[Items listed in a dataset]
- Opening Delimiter -

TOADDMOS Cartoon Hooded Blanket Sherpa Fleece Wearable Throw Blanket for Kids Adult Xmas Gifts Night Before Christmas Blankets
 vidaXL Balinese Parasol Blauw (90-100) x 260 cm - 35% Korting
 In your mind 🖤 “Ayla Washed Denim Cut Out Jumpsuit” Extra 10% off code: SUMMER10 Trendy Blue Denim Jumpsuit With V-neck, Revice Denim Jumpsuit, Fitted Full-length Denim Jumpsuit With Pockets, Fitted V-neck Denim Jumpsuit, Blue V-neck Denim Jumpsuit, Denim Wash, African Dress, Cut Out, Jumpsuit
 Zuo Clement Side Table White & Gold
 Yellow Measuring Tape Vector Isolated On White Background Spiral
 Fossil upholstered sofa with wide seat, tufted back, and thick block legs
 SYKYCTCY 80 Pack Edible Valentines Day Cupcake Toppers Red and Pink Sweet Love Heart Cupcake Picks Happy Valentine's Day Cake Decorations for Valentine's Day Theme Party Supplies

- Closing Delimiter -

• [Goal of the exercise]
Set apart and copy each line of the records that holds the word "White".

• [Answer to the exercise]
 Zuo Clement Side Table White & Gold
 Yellow Measuring Tape Vector Isolated On White Background Spiral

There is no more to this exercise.